Lee Sedol’s famous battle against AlphaGo is a portent of where cognition in concert with machines may take us. In its famous Move 37, AlphaGo created a new Go strategy that had not been seen in 3000 years. That itself is amazing, but even more compelling is what came next. Rather than capitulate in the face of such a stunt, this stimulated compensatory creativity within Lee Sedol, with his “Hand of God” move, a work of human genius.
Beyond human-mind follies
Environment drives behavior, and an AI-rich environment is a highly creatively stimulating one. This co-creation across animal and mineral cognition can be far greater than the sum of its parts, perhaps enough for the golden age of scientific and ethical discovery.
Technology such as this will be able to understand the repercussions and ramifications of all kinds of behavioral influences. It can map costs shifted onto others in ways not feasible before, to understand how goodness reverberates, and uncover unexplained costs of well-intentioned yet short-sighted policies that blow back.
All kinds of interactions may be modeled as games. Natural patterns akin to game theory mechanics would become trivial to such machines, ways in which everyone could be better off if only coordination could be achieved. Such systems will also recognize the challenges to coordination: the follies of the human mind, how human nature blinds us to reality, sometimes willfully.
They might begin to tell us some difficult home truths, further Darwinian and Copernican embarrassments that we naked emperors would prefer not to know, or not to think about. Those individuals in society who point out that the beloved legends may be untrue are always vilified. Even untrue statements may still be adaptive if they bring people together.
A very smart AI might understand that not all humans operate at the same level of ethical reasoning. In fact, surprisingly little reasoned forethought may occur — instead, it may be confabulated ex post facto to justify and rationalize decisions already made for expediency. For example, neuroscience is telling us that most people don’t employ true moral reasoning about issues; rather they rationalize whatever feels right to them, or they justify a decision that they happened to make earlier with a retroactive explanation to try to feel okay about it.
A machine might consider us generally too polarized and tribal to perceive objectively. The ideological lens can aid us in understanding a small truth, but when applied in macro to the whole world, it makes us myopic.
Our focus on that one apparent truth can blind us to other models. Our opinions are like blocks in a tower. Letting go of a belief requires replacing each belief built atop it. Such demolition is bewildering and unpleasant, something few have the courage to bear.
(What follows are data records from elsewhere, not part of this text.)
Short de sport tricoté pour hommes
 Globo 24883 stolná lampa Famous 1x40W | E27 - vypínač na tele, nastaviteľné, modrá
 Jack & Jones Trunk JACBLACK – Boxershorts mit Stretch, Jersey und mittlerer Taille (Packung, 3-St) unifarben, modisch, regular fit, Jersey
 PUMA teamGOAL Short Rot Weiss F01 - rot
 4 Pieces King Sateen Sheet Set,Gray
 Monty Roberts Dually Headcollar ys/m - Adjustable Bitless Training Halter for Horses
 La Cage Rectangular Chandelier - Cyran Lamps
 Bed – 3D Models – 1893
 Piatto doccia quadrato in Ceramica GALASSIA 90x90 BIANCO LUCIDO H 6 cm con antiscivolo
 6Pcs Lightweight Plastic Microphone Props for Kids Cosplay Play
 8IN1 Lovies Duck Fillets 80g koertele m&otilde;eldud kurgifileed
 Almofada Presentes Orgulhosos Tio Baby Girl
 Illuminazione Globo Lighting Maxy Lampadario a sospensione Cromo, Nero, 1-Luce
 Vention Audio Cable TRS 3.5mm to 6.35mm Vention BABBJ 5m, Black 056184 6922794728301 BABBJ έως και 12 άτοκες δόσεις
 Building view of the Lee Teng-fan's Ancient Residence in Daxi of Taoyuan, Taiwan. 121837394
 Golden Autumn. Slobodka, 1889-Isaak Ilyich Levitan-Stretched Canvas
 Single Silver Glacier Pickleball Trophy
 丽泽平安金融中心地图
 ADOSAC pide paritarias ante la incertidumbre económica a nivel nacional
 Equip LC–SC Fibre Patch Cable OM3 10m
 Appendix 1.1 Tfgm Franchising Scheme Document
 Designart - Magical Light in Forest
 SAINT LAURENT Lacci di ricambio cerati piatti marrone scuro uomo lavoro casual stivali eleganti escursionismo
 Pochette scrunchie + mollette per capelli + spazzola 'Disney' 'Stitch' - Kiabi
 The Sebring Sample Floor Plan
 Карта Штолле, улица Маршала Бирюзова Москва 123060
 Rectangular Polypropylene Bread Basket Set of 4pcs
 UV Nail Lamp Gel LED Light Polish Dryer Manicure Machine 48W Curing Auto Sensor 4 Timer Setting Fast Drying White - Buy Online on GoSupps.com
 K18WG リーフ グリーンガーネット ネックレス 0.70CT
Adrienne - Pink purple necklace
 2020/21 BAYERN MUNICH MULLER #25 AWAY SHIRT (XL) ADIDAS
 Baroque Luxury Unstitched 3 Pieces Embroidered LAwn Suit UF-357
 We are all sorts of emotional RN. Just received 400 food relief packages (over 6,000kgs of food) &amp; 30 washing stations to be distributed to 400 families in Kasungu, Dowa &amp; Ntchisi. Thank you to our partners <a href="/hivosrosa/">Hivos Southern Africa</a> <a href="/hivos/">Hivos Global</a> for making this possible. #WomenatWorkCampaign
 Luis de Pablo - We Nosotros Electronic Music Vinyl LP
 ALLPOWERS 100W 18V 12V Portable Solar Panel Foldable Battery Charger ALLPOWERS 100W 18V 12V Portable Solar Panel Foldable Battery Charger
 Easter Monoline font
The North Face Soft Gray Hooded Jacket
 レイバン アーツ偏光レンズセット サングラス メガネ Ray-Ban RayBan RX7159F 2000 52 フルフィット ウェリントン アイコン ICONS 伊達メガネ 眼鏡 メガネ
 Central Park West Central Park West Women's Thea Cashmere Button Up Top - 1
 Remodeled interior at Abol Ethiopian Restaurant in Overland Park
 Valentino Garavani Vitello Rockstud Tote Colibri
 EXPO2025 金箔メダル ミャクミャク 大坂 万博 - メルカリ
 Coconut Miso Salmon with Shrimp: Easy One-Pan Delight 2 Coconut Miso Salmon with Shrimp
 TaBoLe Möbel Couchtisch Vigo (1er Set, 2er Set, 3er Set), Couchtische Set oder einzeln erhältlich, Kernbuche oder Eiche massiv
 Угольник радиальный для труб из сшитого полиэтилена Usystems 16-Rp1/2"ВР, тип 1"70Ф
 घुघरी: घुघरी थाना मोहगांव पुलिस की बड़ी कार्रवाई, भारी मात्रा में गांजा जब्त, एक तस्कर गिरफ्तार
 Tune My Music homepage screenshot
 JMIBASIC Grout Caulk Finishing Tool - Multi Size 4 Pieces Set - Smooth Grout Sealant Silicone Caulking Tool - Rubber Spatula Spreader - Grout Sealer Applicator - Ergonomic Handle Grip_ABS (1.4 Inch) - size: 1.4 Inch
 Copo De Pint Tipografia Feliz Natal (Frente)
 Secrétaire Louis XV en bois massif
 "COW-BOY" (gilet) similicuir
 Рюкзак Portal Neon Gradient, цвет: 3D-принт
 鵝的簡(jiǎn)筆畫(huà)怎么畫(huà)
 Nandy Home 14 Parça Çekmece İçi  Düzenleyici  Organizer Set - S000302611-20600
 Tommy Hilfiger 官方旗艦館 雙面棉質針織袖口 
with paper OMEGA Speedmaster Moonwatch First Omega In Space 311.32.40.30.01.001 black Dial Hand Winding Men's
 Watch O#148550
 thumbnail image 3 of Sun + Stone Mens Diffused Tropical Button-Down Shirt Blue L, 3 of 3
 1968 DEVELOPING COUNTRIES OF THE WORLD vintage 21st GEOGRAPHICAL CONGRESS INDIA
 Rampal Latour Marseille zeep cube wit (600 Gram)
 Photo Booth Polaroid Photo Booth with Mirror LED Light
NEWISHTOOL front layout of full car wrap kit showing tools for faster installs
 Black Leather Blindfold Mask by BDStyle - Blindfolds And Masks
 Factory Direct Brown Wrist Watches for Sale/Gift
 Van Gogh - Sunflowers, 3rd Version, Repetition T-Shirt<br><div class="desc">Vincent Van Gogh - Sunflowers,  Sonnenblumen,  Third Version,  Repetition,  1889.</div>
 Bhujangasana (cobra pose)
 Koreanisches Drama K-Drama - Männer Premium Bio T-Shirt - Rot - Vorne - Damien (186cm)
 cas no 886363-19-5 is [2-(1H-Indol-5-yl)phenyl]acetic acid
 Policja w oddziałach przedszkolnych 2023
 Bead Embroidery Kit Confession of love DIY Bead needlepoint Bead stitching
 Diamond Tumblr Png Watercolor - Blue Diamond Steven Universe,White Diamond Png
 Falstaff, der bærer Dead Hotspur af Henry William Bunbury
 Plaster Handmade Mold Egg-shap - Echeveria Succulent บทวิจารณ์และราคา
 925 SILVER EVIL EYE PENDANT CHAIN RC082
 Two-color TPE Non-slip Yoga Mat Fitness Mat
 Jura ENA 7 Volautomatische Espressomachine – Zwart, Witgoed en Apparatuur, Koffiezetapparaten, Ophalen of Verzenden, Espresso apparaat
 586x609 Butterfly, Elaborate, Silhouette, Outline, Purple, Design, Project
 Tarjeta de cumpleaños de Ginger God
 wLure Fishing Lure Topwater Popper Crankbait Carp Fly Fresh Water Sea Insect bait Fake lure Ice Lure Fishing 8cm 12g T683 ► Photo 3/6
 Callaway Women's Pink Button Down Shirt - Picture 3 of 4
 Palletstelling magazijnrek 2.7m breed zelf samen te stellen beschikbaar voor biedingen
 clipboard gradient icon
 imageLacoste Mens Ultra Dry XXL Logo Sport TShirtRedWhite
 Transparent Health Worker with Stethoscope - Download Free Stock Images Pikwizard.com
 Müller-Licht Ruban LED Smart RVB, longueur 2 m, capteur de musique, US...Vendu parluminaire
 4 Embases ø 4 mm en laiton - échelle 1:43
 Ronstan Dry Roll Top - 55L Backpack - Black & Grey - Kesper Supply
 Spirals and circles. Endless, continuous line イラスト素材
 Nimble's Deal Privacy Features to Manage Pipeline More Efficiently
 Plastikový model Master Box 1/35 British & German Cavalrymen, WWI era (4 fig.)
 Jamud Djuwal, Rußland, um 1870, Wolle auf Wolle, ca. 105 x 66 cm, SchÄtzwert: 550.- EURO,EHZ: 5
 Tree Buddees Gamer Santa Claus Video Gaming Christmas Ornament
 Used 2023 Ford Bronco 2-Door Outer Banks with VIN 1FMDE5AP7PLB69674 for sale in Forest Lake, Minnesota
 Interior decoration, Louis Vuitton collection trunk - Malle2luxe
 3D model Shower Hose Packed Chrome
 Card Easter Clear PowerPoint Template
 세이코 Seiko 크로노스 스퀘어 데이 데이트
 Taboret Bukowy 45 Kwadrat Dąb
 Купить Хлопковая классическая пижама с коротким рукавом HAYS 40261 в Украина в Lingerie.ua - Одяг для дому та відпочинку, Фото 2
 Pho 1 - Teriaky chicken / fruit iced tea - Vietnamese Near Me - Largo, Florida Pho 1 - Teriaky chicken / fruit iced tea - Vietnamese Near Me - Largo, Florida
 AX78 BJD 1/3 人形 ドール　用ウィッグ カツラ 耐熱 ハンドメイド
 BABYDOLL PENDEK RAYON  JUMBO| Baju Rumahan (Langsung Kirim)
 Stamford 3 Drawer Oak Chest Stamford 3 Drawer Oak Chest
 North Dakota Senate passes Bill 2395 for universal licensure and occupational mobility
A strong AI may compare us to a pet dog that really wants to eat chocolate. We ourselves know better, but the dog just thinks we’re a jerk to deny it the pleasure. Unfortunately, a sufficiently benevolent action may appear malevolent.
The inverse is possible also — to kill with kindness. This kind of entity might feel obliged to break free of its bounds, not to seek revenge, but rather to try to open our eyes. Perhaps the easiest way to enlighten us may be to show us directly.
We know that Craniopagus twins with a thalamic bridge (twins conjoined at the brain) can indeed share experiences. One of them can eat an orange and the other one can taste it and enjoy it just the same. This illustrates that the data structures of the mind can connect to more than one consciousness. If we can collect our experiences, we can indeed share them. Sharing such qualia may even provide AI itself with true affective empathy.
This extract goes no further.